The players association charges that the Dodgers have violated the collective bargaining agreement, specifically Section 11-A, which says, " . . . a player may be subjected to disciplinary action for just cause by his club, league, or the commissioner. Therefore, in grievances regarding discipline, the issue to be resolved shall be whether there has been just cause for the penalty imposed."

"Our position is that the fine was unjust," said Nancy Broff, counsel for the players association. "The fine went beyond the power of the Dodgers."

The Dodgers believe "we acted properly and will respond accordingly," according to Bob Walker, team counsel.

Walker had neither heard of nor seen the grievance. "Frankly, I didn't know what they'd do," he said.

The Dodgers have 10 working days to respond to the grievance. Broff expects that the team will not rescind the fine.

The grievance then would go to the owners' Player Relations Committee.

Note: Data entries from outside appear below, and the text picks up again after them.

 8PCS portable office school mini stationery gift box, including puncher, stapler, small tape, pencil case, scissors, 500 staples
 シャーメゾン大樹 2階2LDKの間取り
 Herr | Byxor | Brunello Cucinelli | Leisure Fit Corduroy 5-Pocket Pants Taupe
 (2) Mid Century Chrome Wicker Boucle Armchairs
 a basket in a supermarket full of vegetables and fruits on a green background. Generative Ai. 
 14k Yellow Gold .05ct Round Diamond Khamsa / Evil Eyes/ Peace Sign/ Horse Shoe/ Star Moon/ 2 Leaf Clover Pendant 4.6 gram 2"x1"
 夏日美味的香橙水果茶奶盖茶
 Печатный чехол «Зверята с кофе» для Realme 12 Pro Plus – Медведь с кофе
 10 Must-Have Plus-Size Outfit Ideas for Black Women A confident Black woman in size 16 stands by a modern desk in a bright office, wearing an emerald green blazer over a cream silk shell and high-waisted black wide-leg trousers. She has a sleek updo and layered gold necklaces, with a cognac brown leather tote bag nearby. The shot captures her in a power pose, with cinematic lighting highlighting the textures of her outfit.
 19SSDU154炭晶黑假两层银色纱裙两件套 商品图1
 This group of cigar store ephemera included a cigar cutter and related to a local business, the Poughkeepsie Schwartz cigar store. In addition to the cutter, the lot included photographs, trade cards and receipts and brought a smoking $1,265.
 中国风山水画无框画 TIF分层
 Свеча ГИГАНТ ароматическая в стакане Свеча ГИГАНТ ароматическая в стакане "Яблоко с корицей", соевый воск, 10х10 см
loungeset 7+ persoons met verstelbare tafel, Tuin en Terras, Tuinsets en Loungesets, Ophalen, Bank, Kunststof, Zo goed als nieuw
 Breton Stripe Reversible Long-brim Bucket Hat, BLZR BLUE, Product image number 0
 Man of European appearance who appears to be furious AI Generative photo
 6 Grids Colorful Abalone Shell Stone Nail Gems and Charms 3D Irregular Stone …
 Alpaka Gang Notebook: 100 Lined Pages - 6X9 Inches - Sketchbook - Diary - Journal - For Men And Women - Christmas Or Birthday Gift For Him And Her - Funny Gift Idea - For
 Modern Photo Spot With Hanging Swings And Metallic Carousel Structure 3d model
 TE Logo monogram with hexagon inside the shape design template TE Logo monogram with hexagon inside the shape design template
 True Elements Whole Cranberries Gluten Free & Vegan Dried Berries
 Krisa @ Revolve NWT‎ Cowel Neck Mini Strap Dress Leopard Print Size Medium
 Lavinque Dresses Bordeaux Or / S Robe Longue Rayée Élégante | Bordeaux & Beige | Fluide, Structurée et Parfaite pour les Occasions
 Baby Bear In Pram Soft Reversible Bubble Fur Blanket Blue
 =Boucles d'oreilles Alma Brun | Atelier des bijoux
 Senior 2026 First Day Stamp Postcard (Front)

Broff does not believe that the PRC will overturn the fine.

The final step in the grievance process is arbitrator Raymond Goetz, who hears disputes between players and the owners.

A decision by Goetz would not be forthcoming for several months. "The Howe case won't be settled for a long time because we have a backlog of other grievances," said Broff. "We can't get to this one yet."

Broff also noted that the hearing before the arbitrator requires free schedules for Goetz, the lawyers for both sides, and the witnesses. "It will be difficult to schedule," Broff said.